They reached the junction some time before the train was due to arrive and stood about two feet from the first set of tracks. Mr. Head carried a paper sack with some biscuits and a can of sardines in it for their lunch. A coarse-looking orange-colored sun coming up behind the east range of mountains was making the sky a dull red behind them, but in front of them it was still gray and they faced a gray transparent moon, hardly stronger than a thumbprint and completely without light. A small tin switch box and a black fuel tank were all there was to mark the place as a junction; the tracks were double and did not converge again until they were hidden behind the bends at either end of the clearing. Trains passing appeared to emerge from a tunnel of trees and, hit for a second by the cold sky, vanish terrified into the woods again. Mr. Head had had to make special arrangements with the ticket agent to have this train stop and he was secretly afraid it would not, in which case, he knew Nelson would say, “I never thought no train was going to stop for you.” Under the useless morning moon the tracks looked white and fragile. Both the old man and the child stared ahead as if they were awaiting an apparition.

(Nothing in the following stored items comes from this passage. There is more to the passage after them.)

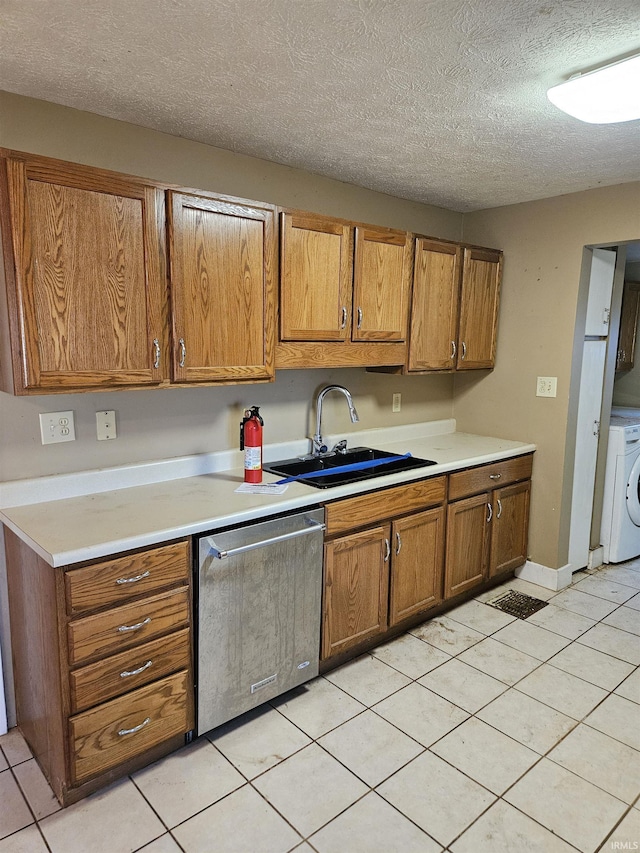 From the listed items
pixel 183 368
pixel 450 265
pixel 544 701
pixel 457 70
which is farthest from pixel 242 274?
pixel 544 701

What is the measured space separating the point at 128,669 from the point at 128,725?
0.19 meters

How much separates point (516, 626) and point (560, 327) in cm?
167

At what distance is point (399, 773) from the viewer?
1884 mm

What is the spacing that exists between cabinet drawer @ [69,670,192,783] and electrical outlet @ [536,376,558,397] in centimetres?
248

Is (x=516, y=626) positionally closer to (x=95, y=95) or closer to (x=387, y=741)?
(x=387, y=741)

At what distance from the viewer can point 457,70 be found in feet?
5.46

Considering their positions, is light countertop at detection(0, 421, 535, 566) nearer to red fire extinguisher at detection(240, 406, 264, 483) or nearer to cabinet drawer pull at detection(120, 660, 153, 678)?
red fire extinguisher at detection(240, 406, 264, 483)

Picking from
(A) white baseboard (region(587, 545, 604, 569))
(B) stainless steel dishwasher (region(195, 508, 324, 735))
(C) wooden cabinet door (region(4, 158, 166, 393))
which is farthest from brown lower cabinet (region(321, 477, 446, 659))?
(A) white baseboard (region(587, 545, 604, 569))

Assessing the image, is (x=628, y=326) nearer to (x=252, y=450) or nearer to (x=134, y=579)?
(x=252, y=450)

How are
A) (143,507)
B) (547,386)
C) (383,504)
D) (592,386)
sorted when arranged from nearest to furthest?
(143,507) → (383,504) → (547,386) → (592,386)

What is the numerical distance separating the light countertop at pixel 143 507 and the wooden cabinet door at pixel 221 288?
18.3 inches

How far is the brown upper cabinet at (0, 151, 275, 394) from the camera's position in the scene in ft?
5.53

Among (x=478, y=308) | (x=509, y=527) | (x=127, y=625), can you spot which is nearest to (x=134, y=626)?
(x=127, y=625)

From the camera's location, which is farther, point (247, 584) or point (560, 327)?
point (560, 327) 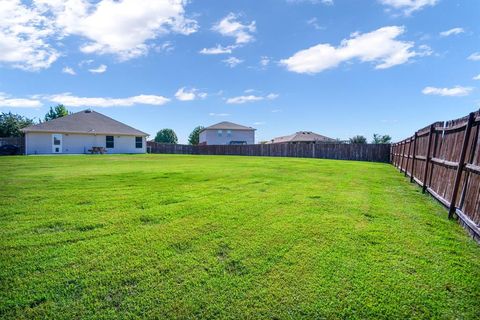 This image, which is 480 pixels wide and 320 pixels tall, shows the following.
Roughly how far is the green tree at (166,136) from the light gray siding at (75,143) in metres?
46.3

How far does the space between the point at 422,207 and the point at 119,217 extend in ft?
18.3

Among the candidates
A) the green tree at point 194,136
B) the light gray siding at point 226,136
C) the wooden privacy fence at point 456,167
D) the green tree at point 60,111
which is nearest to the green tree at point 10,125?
the green tree at point 60,111

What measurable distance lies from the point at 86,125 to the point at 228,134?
22.4 metres

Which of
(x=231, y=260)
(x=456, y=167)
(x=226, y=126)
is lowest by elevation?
(x=231, y=260)

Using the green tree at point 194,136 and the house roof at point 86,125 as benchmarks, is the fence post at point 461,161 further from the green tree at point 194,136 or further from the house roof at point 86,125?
the green tree at point 194,136

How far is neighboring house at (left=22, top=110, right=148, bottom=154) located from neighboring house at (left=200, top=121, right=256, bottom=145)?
1516 centimetres

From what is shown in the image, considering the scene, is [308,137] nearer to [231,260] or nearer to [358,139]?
[358,139]

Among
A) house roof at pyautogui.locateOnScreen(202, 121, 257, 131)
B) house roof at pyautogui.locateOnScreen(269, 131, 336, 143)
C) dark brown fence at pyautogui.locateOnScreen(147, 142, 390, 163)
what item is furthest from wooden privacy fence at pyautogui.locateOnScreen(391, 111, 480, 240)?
house roof at pyautogui.locateOnScreen(202, 121, 257, 131)

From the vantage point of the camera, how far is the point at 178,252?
2.90 metres

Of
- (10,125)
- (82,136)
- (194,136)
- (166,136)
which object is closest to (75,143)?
(82,136)

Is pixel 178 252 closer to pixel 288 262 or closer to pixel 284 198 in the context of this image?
pixel 288 262

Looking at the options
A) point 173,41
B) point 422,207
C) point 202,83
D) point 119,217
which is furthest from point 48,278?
point 202,83

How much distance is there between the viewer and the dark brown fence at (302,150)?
74.5ft

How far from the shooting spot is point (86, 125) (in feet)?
89.5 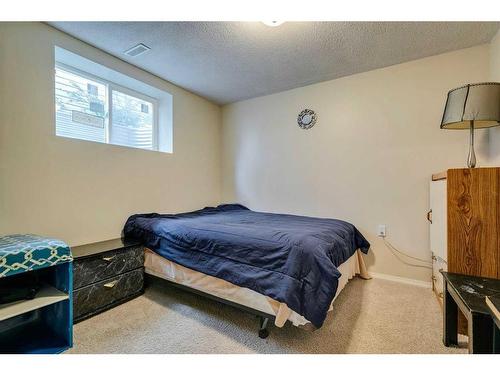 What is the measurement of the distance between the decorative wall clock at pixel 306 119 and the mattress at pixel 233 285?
158 cm

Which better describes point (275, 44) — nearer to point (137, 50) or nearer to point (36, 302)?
point (137, 50)

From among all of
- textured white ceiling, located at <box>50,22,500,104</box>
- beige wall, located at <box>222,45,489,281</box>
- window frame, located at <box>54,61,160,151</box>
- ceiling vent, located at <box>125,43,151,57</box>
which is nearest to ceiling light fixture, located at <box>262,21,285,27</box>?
textured white ceiling, located at <box>50,22,500,104</box>

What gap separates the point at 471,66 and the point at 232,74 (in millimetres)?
2277

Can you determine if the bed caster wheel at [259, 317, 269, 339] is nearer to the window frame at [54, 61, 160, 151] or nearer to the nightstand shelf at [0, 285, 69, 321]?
the nightstand shelf at [0, 285, 69, 321]

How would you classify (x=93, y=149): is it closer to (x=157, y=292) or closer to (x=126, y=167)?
(x=126, y=167)

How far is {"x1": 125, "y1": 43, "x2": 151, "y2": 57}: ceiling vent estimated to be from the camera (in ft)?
7.14

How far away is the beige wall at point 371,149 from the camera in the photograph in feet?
7.54

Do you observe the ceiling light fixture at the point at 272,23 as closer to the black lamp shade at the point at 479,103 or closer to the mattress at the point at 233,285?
the black lamp shade at the point at 479,103

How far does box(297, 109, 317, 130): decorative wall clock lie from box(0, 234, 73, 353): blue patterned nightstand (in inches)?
105

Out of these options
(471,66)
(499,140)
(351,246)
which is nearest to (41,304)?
(351,246)

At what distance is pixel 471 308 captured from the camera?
1090 mm

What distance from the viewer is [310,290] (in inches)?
55.2

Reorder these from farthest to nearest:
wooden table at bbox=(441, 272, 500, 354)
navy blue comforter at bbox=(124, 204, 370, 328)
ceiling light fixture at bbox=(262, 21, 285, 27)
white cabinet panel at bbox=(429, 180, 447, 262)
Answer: ceiling light fixture at bbox=(262, 21, 285, 27) < white cabinet panel at bbox=(429, 180, 447, 262) < navy blue comforter at bbox=(124, 204, 370, 328) < wooden table at bbox=(441, 272, 500, 354)

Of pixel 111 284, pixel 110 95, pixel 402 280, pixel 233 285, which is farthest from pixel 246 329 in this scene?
pixel 110 95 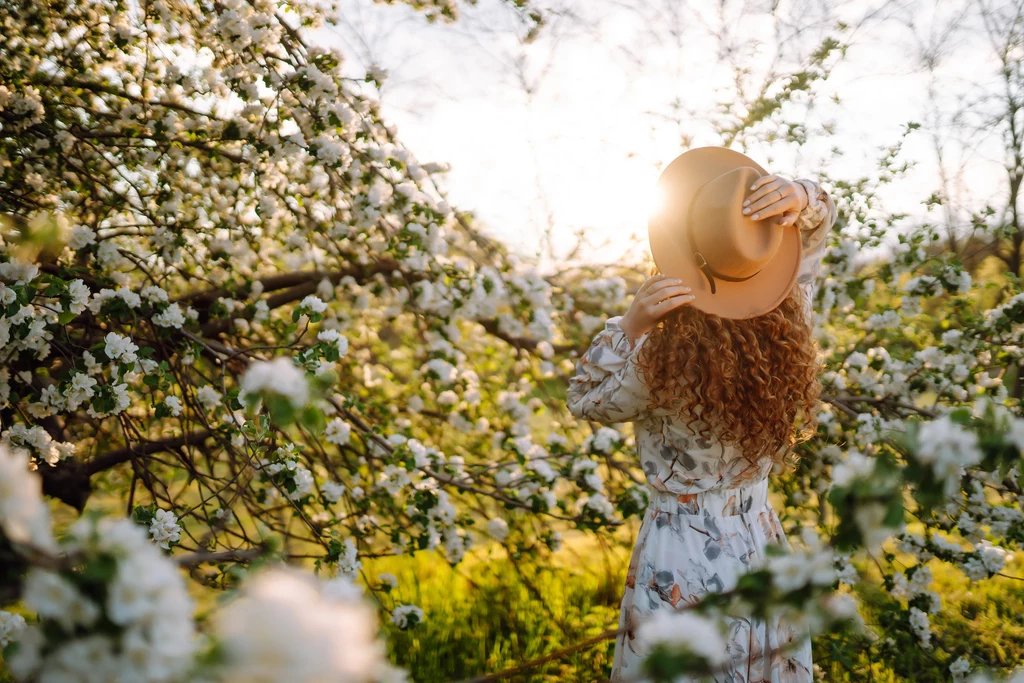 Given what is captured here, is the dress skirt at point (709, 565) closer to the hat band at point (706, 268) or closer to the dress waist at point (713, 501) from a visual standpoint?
the dress waist at point (713, 501)

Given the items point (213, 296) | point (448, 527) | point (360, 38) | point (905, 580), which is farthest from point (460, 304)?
point (905, 580)

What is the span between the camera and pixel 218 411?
263cm

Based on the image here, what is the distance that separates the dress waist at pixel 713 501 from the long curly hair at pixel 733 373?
117mm

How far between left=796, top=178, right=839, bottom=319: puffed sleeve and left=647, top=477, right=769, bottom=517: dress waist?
0.59 metres

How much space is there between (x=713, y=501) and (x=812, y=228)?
91cm

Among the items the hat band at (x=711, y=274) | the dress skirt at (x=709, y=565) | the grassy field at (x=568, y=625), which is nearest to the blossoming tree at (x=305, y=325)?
the grassy field at (x=568, y=625)

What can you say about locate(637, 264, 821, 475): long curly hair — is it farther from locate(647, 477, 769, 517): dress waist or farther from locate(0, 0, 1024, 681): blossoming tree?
locate(0, 0, 1024, 681): blossoming tree

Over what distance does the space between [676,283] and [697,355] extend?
0.21 metres

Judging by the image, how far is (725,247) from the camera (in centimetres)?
173

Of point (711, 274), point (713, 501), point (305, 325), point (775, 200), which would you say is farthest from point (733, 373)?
point (305, 325)

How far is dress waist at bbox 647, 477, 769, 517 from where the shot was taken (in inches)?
72.1

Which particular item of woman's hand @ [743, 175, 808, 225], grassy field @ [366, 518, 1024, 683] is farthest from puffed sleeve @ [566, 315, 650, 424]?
grassy field @ [366, 518, 1024, 683]

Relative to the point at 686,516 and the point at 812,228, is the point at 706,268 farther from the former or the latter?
the point at 686,516

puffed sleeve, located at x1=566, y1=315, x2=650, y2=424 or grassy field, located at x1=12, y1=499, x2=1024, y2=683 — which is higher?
puffed sleeve, located at x1=566, y1=315, x2=650, y2=424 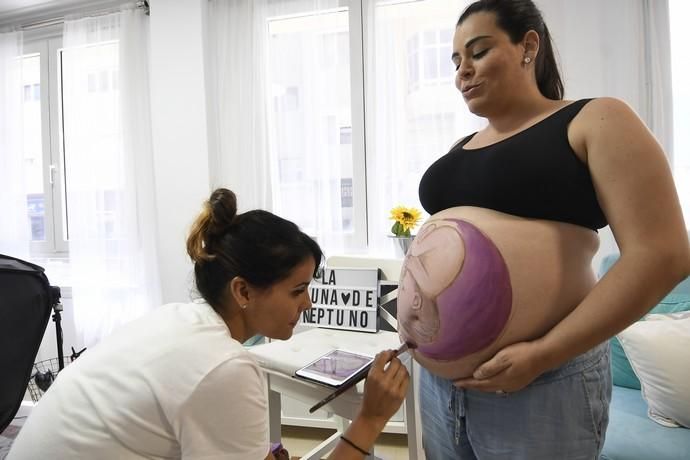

Then suddenly, before Mr. Head could make up his mind to turn back, there was a deep warning bleat and the train appeared, gliding very slowly, almost silently around the bend of trees about two hundred yards down the track, with one yellow front light shining. Mr. Head was still not certain it would stop and he felt it would make an even bigger idiot of him if it went by slowly. Both he and Nelson, however, were prepared to ignore the train if it passed them.
The engine charged by, filling their noses with the smell of hot metal and then the second coach came to a stop exactly where they were standing. A conductor with the face of an ancient bloated bulldog was on the step as if he expected them, though he did not look as if it mattered one way or the other to him if they got on or not. “To the right,” he said.
Their entry took only a fraction of a second and the train was already speeding on as they entered the quiet car. Most of the travelers were still sleeping, some with their heads hanging off the chair arms, some stretched across two seats, and some sprawled out with their feet in the aisle. Mr. Head saw two unoccupied seats and pushed Nelson toward them. “Get in there by the winder,” he said in his normal voice which was very loud at this hour of the morning. “Nobody cares if you sit there because it’s nobody in it. Sit right there.”
“I heard you,” the boy muttered. “It’s no use in you yelling,” and he sat down and turned his head to the glass. There he saw a pale ghost-like face scowling at him beneath the brim of a pale ghost-like hat. His grandfather, looking quickly too, saw a different ghost, pale but grinning, under a black hat.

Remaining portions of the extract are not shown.